# Exercise aim
All pictures are to be skipped; retype only the lines from the top of the entries through the line with "Calção de desporto", both included.

Collected data entries:
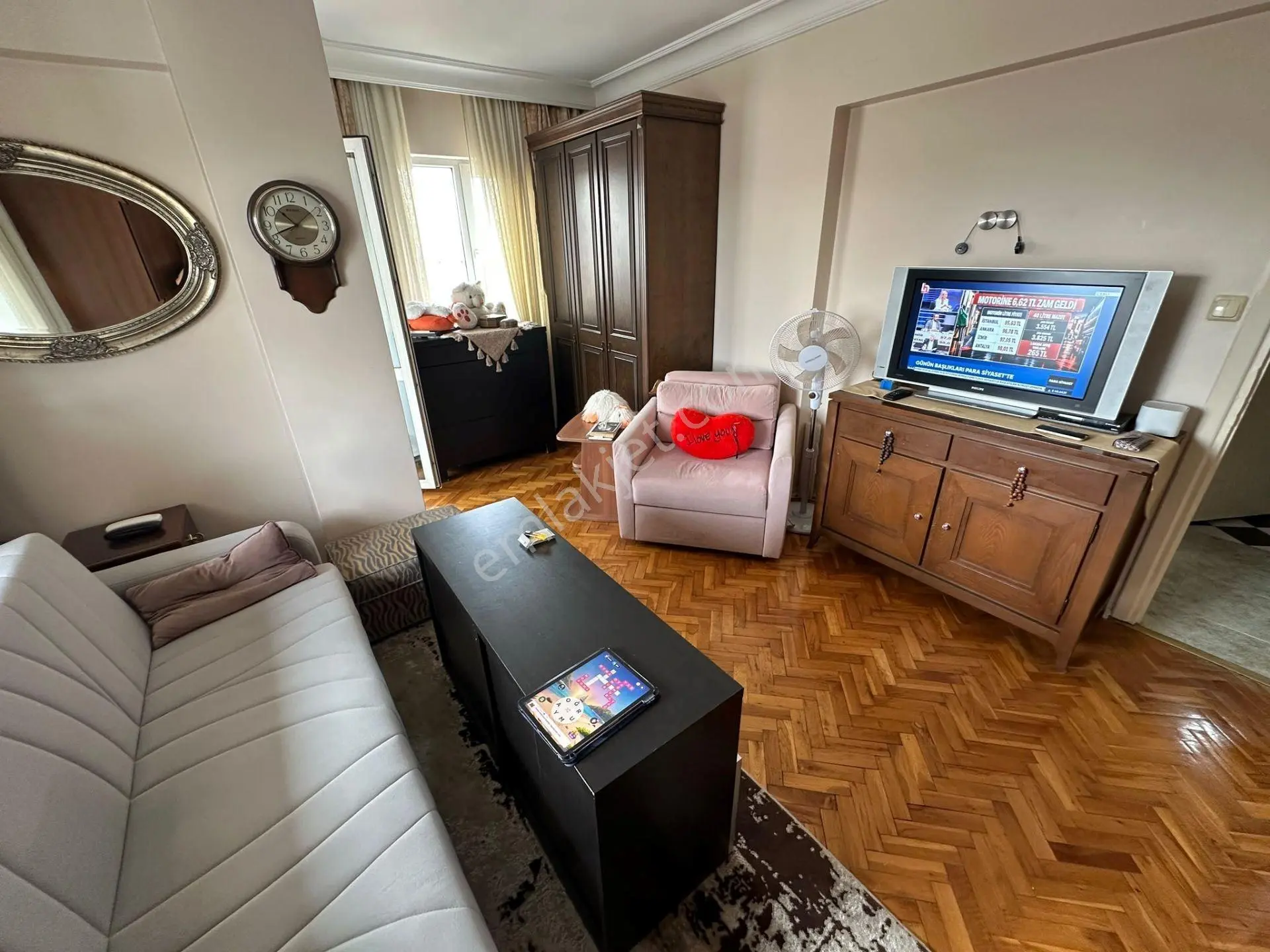 Bostancı'da Minibüs Caddesi'ne Yakın 3+1 Daire — fotoğraf 20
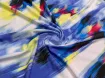 Софт щільний акварель, бузковий - інтернет-магазин stage.tkani-atlas.com.ua
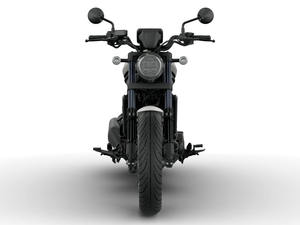 Motos Rebel 1100 2026 toutes versions disponibles, neuves en stock - Product Image 5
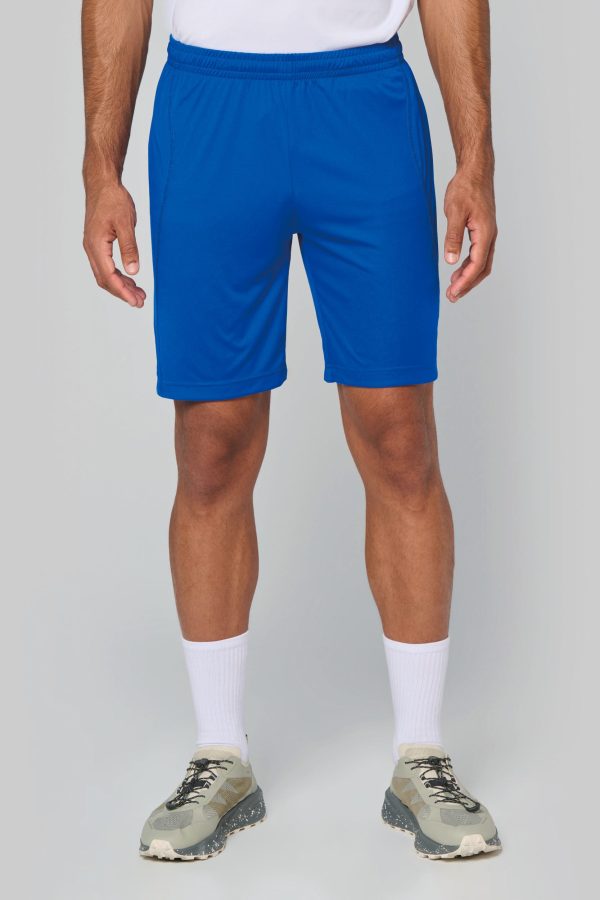 Calção de desporto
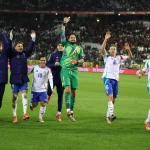 Prancis Bungkam Italia 3-1 di UEFA Nations League 2024: Gol Spektakuler ala Lionel Messi Hiasi San Siro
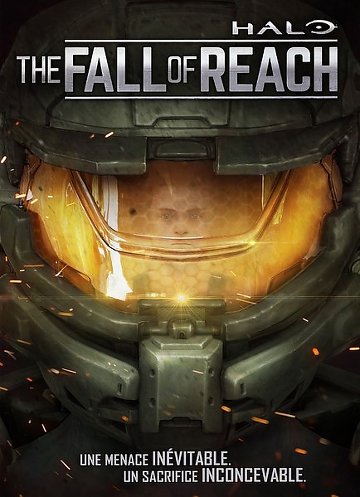 Halo : The Fall of Reach FRENCH DVDRIP 2015
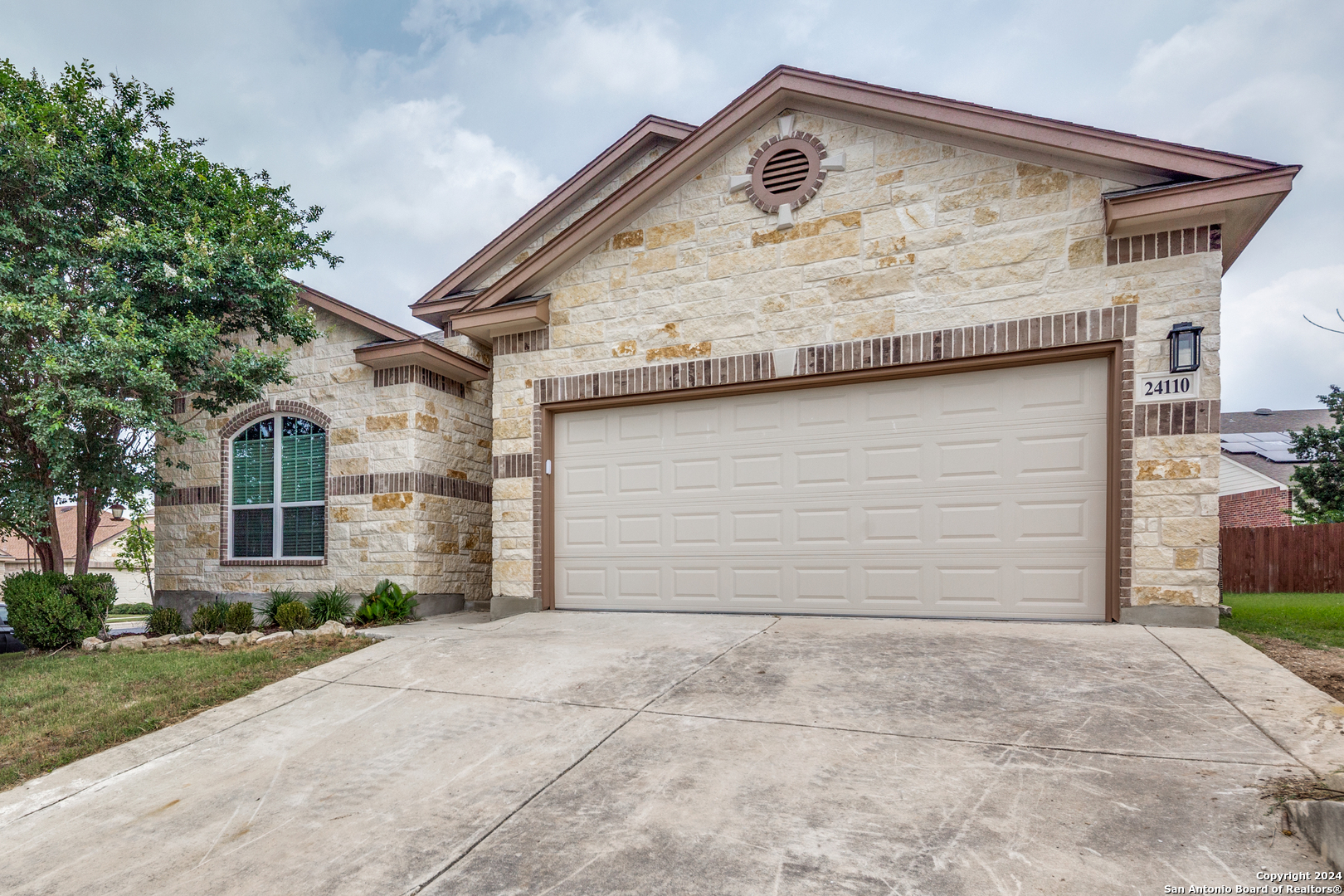 24110 Mountain Cloud San Antonio TX 78258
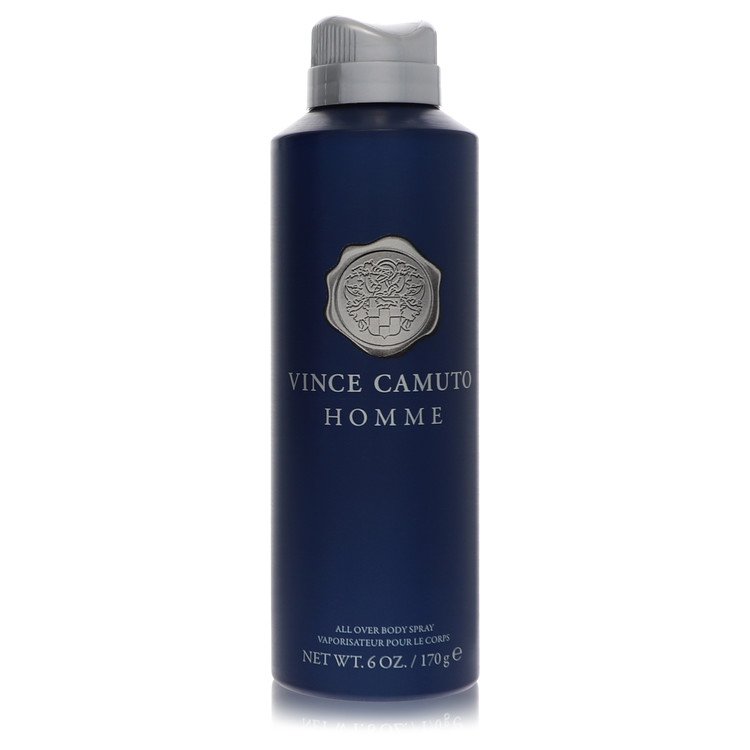 Vince Camuto Homme Body Spray By Vince Camuto - Giftsmith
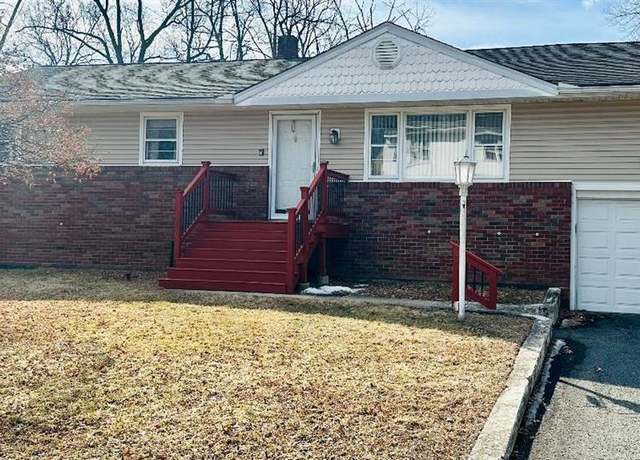 Property at 19 Leo Pl, Wayne, NJ 07470, 4 beds, 1 bath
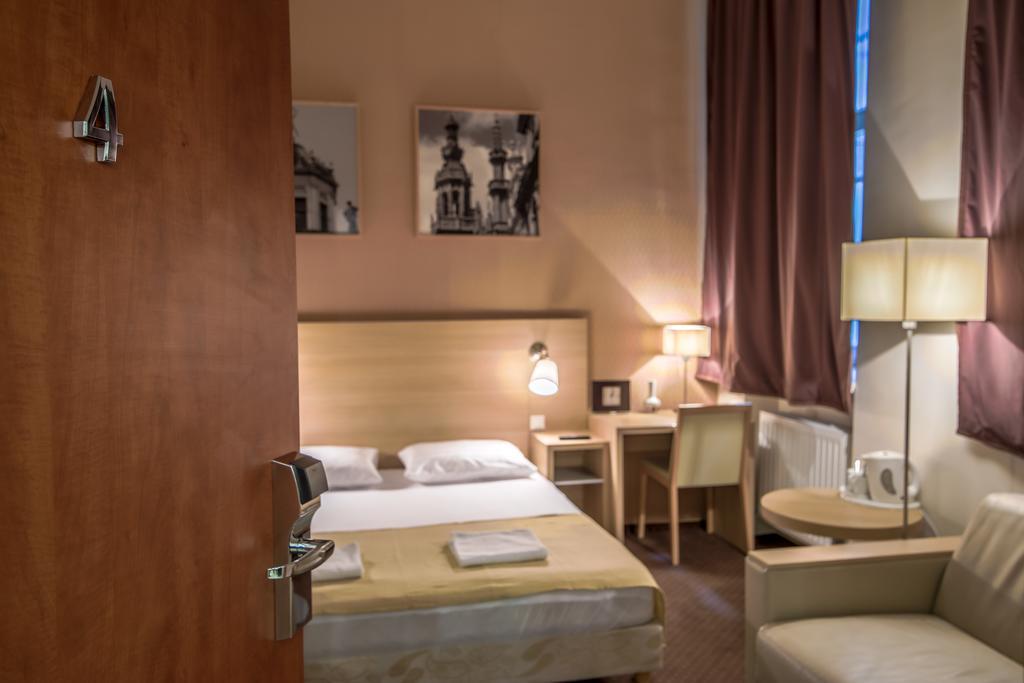 Budapest Citi Guesthouse Guest house Budapest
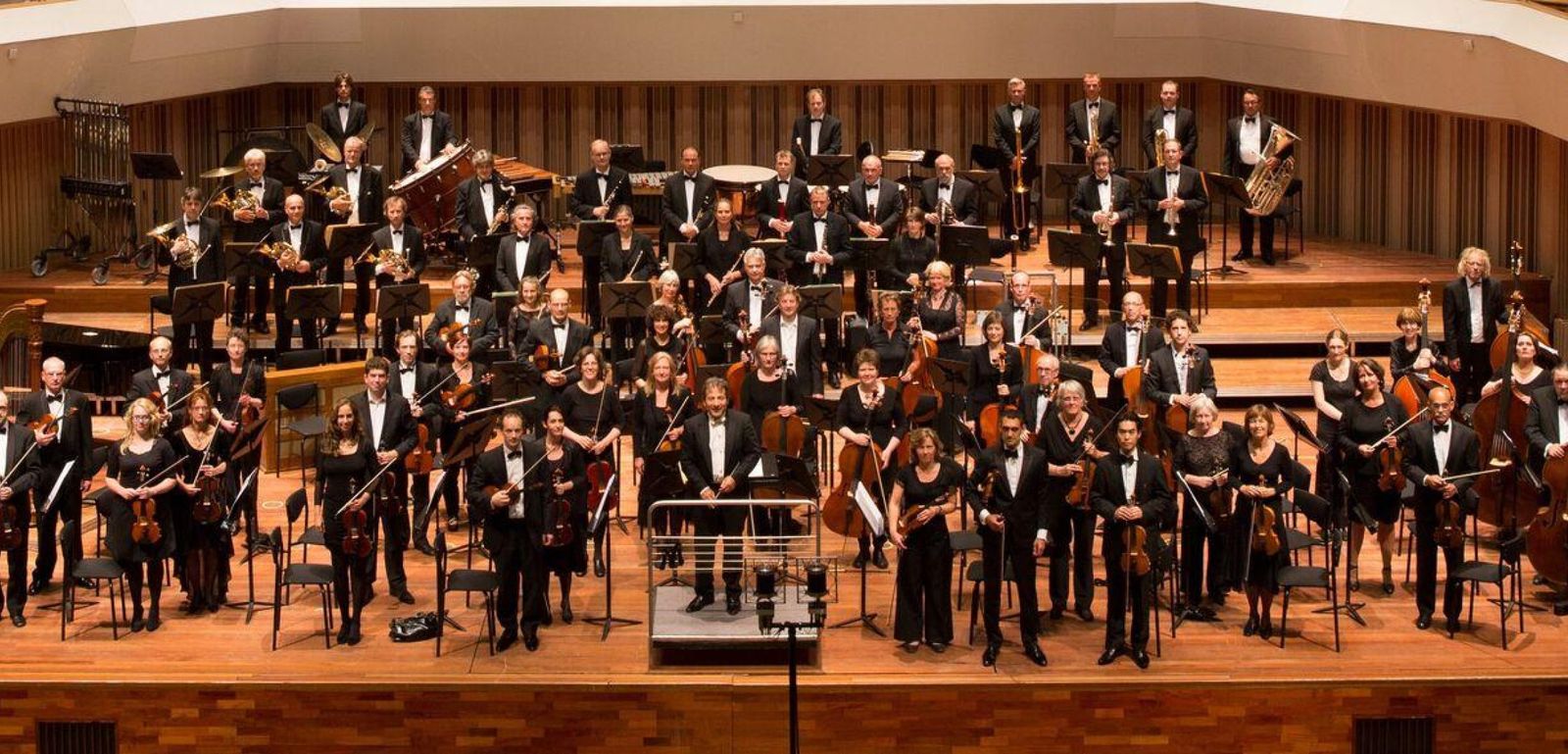 Philips Symfonie Orkest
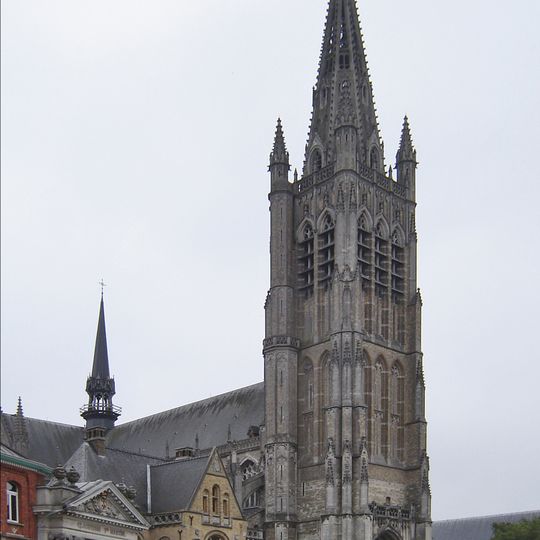 Sint-Maartenskerk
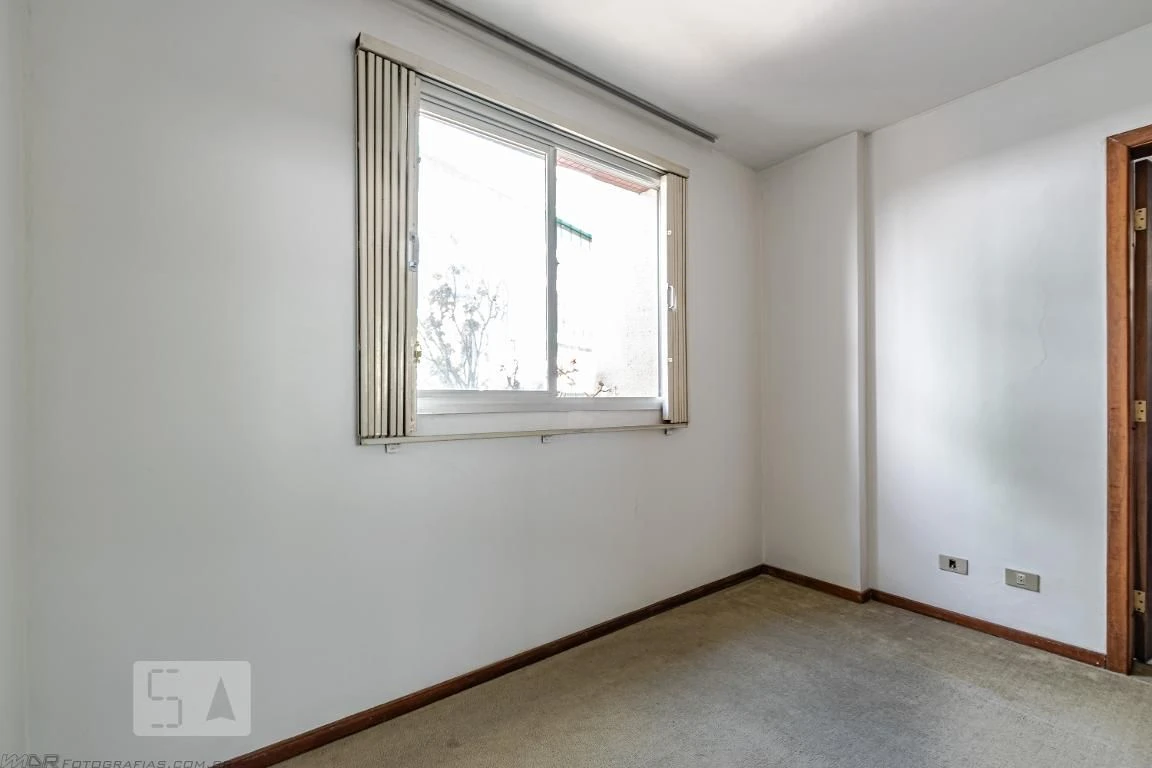 Квартира: 2 спальни, 1 со своей ванной, 76 м², Куритиба — photo 19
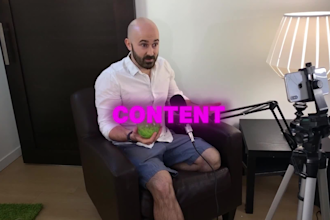 do professional sports video editing, highlights and tiktok reels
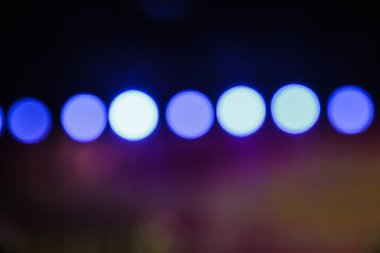 Bokeh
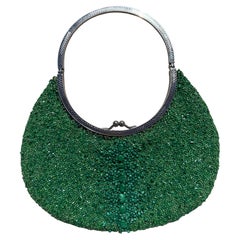 Valentino Garavani vintage Fall/Winter 2001 evening bag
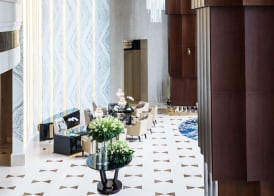 The St. Regis Chengdu 4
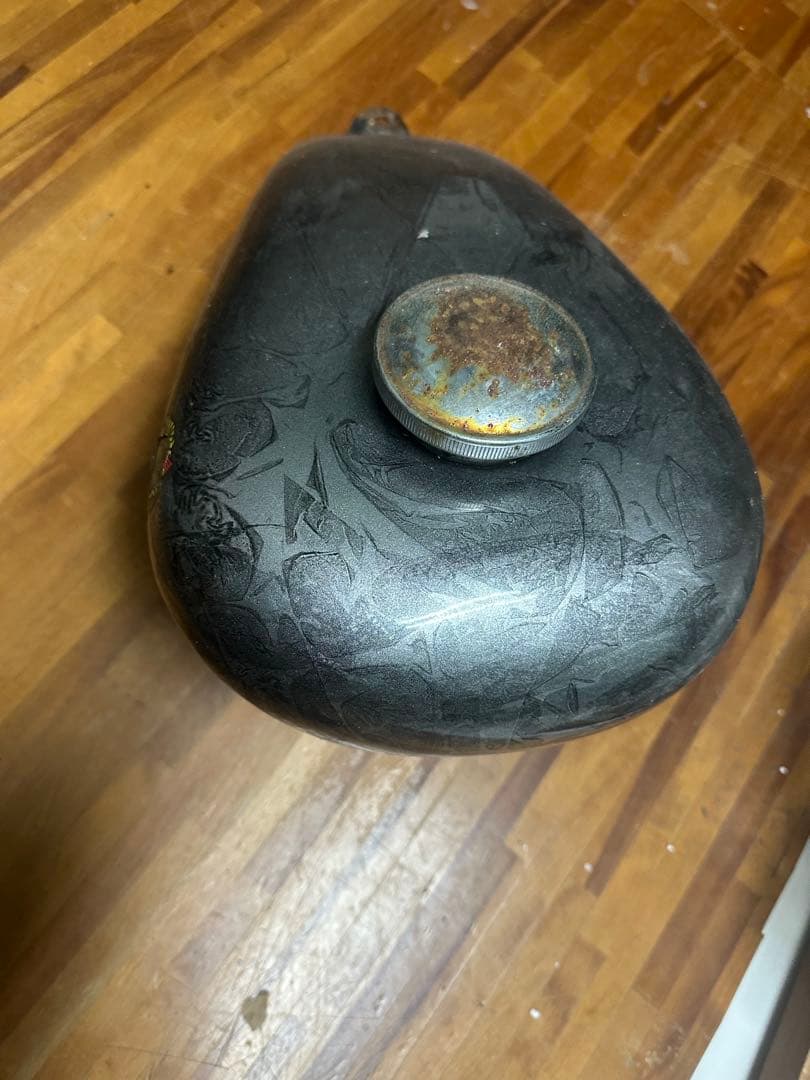 バーマン3号さん用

# Exercise result
 Bostancı'da Minibüs Caddesi'ne Yakın 3+1 Daire — fotoğraf 20
 Софт щільний акварель, бузковий - інтернет-магазин stage.tkani-atlas.com.ua
 Motos Rebel 1100 2026 toutes versions disponibles, neuves en stock - Product Image 5
 Calção de desporto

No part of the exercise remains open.